**Task brief:** Pictures stay out of your copy, but everything else in the records below must be repeated exactly.

**Source material:**
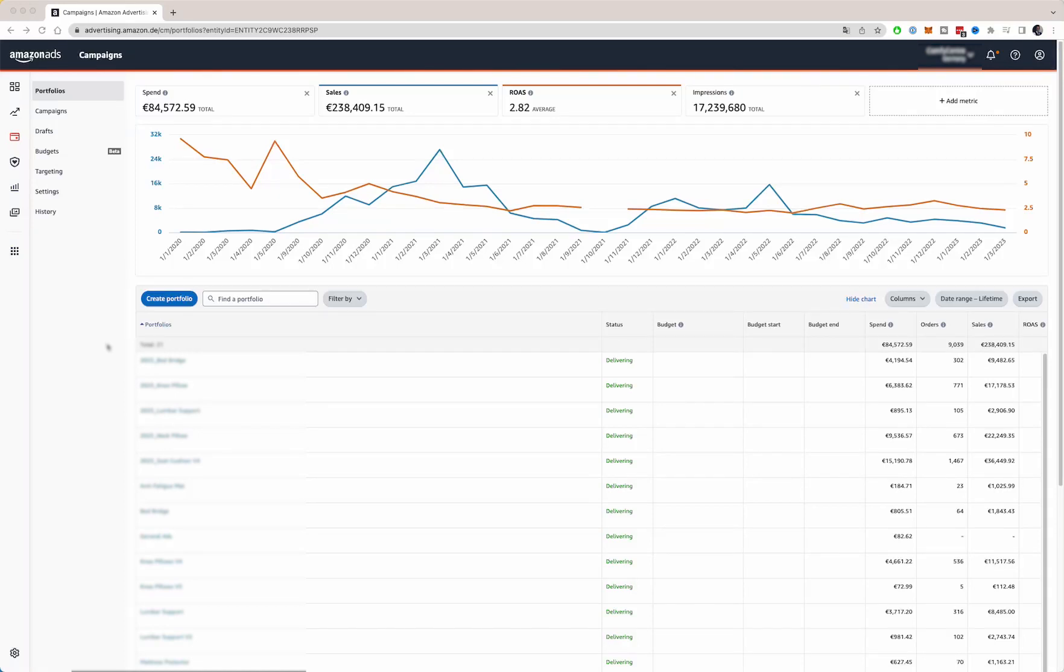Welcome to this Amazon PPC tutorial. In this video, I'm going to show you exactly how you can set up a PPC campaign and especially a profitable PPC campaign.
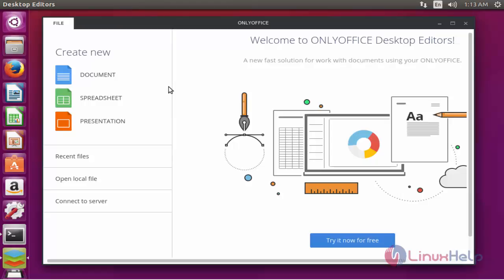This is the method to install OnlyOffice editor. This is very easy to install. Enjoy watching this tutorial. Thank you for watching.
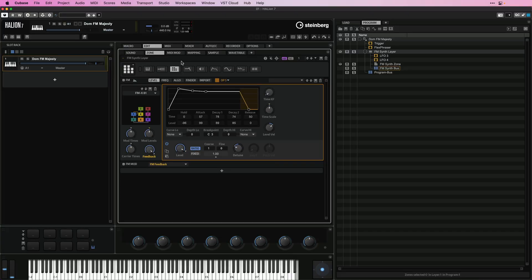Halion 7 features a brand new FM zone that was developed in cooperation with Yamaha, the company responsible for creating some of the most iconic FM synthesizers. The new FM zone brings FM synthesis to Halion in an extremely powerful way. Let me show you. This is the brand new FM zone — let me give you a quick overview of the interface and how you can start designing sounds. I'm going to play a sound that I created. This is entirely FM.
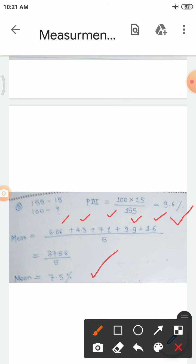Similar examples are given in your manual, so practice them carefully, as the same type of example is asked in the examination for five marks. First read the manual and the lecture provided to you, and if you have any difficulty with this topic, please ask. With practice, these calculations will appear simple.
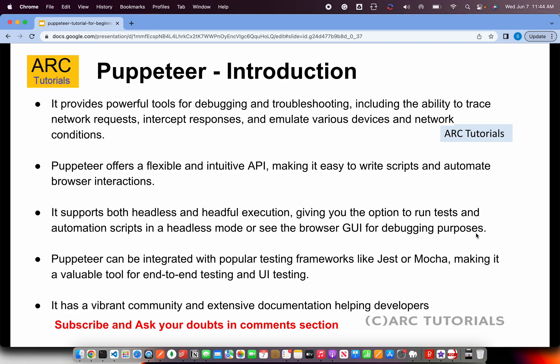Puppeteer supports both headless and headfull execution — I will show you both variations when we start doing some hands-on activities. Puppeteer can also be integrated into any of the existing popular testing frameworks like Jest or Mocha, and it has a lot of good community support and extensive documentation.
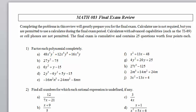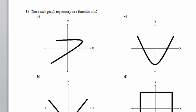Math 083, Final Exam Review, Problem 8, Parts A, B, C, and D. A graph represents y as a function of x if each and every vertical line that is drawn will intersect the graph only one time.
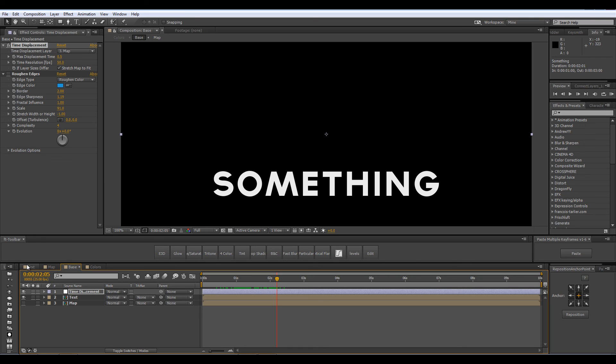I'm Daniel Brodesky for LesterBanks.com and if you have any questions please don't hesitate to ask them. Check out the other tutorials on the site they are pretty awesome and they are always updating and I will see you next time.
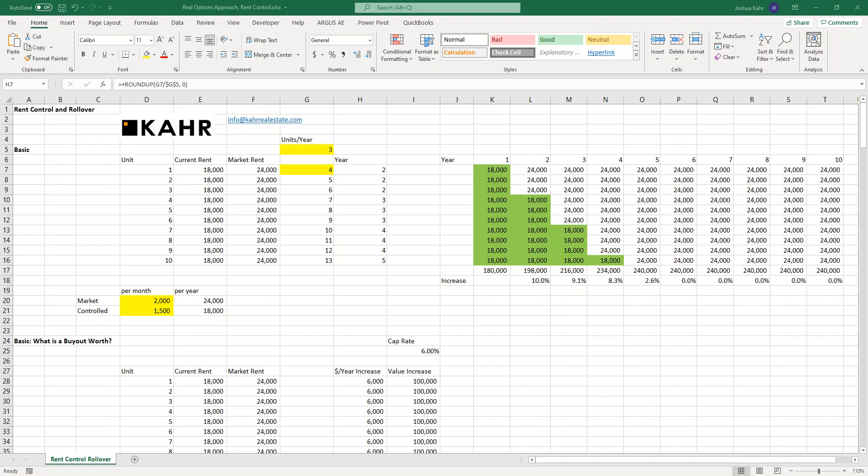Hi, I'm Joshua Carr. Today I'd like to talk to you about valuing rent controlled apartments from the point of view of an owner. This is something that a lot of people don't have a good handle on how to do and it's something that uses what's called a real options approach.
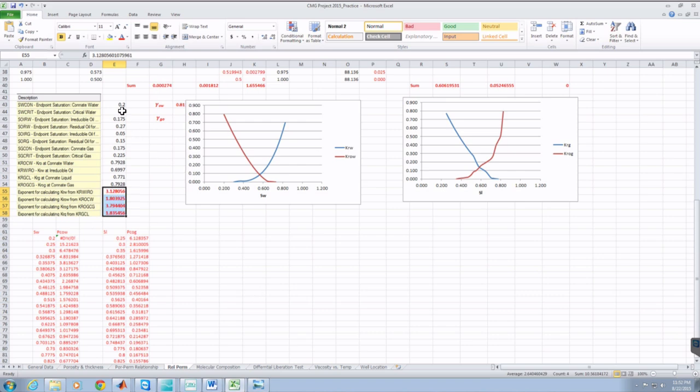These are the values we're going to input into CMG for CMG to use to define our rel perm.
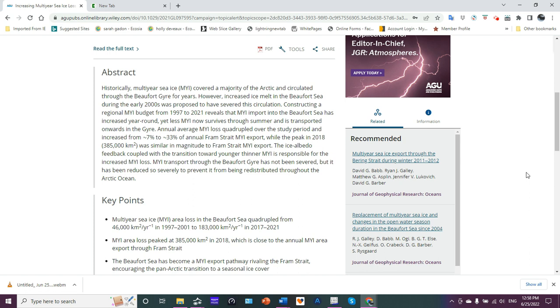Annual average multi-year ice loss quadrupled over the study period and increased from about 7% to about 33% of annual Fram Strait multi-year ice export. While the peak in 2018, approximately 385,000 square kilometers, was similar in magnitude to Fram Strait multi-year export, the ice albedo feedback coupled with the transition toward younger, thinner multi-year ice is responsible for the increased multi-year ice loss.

**Reply to the exercise:**
Welcome to this Amazon PPC tutorial. In this video, I'm going to show you exactly how you can set up a PPC campaign and especially a profitable PPC campaign.
This is the method to install OnlyOffice editor. This is very easy to install. Enjoy watching this tutorial. Thank you for watching.
Halion 7 features a brand new FM zone that was developed in cooperation with Yamaha, the company responsible for creating some of the most iconic FM synthesizers. The new FM zone brings FM synthesis to Halion in an extremely powerful way. Let me show you. This is the brand new FM zone — let me give you a quick overview of the interface and how you can start designing sounds. I'm going to play a sound that I created. This is entirely FM.
Similar examples are given in your manual, so practice them carefully, as the same type of example is asked in the examination for five marks. First read the manual and the lecture provided to you, and if you have any difficulty with this topic, please ask. With practice, these calculations will appear simple.
Puppeteer supports both headless and headfull execution — I will show you both variations when we start doing some hands-on activities. Puppeteer can also be integrated into any of the existing popular testing frameworks like Jest or Mocha, and it has a lot of good community support and extensive documentation.
Math 083, Final Exam Review, Problem 8, Parts A, B, C, and D. A graph represents y as a function of x if each and every vertical line that is drawn will intersect the graph only one time.
I'm Daniel Brodesky for LesterBanks.com and if you have any questions please don't hesitate to ask them. Check out the other tutorials on the site they are pretty awesome and they are always updating and I will see you next time.
Hi, I'm Joshua Carr. Today I'd like to talk to you about valuing rent controlled apartments from the point of view of an owner. This is something that a lot of people don't have a good handle on how to do and it's something that uses what's called a real options approach.
These are the values we're going to input into CMG for CMG to use to define our rel perm.
Annual average multi-year ice loss quadrupled over the study period and increased from about 7% to about 33% of annual Fram Strait multi-year ice export. While the peak in 2018, approximately 385,000 square kilometers, was similar in magnitude to Fram Strait multi-year export, the ice albedo feedback coupled with the transition toward younger, thinner multi-year ice is responsible for the increased multi-year ice loss.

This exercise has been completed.